- **WHAT YOU ARE ASKED TO DO**
Give the data below again exactly as written, but without the pictures.

- **COLLECTED DATA**

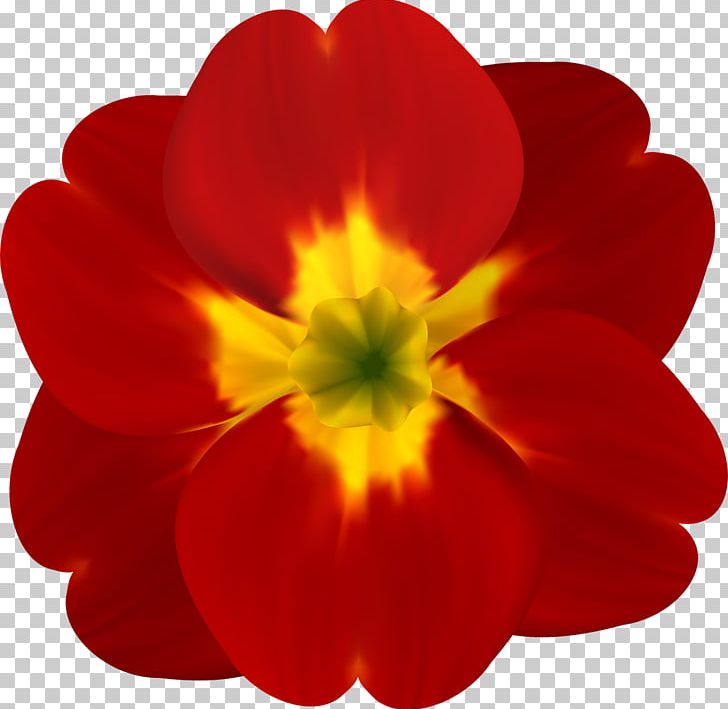 Flower Spring Annual Plant Petal PNG, Clipart, Annual Plant, Eye, Flower, Flowering Plant, Herbaceous Plant Free PNG Download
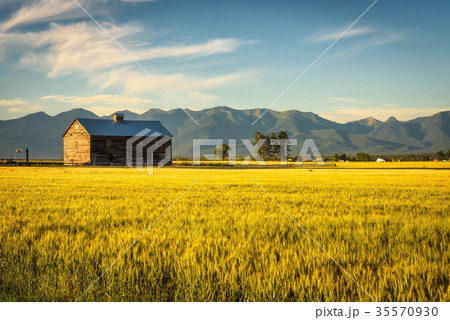 Summer sunset with an old barn and a rye field in Summer sunset with an old barn and a rye field in 35570930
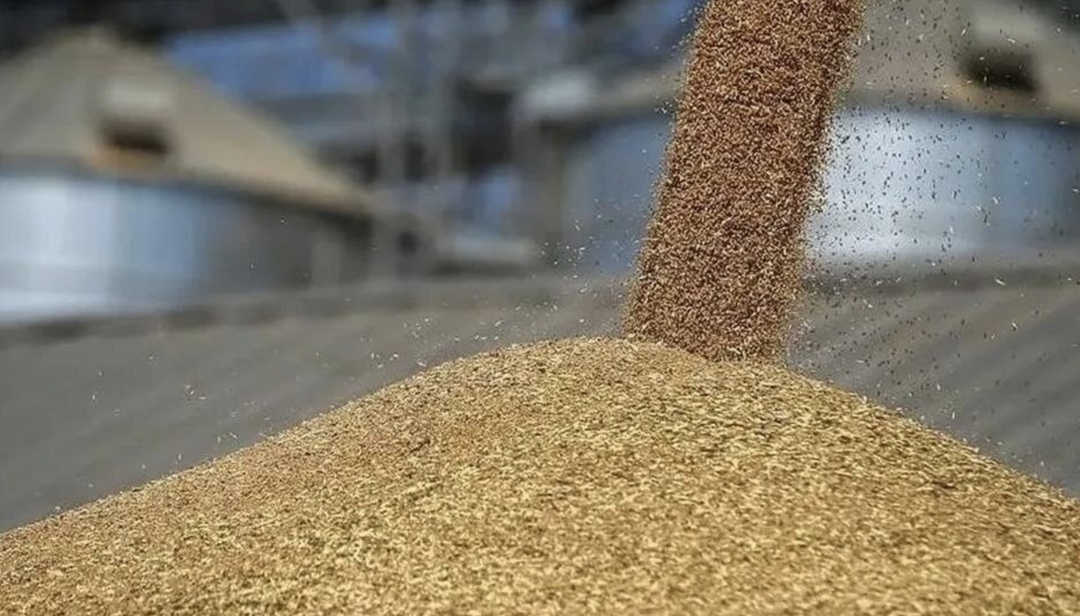 Минсельхоз установил минимальные предельные цены, при достижении которых в 2025/26 сельхозгоду будут проводиться закупочные зерновые интервенции, а также…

- **OUTPUT OF THE TASK**
 Flower Spring Annual Plant Petal PNG, Clipart, Annual Plant, Eye, Flower, Flowering Plant, Herbaceous Plant Free PNG Download
 Summer sunset with an old barn and a rye field in Summer sunset with an old barn and a rye field in 35570930
 Минсельхоз установил минимальные предельные цены, при достижении которых в 2025/26 сельхозгоду будут проводиться закупочные зерновые интервенции, а также…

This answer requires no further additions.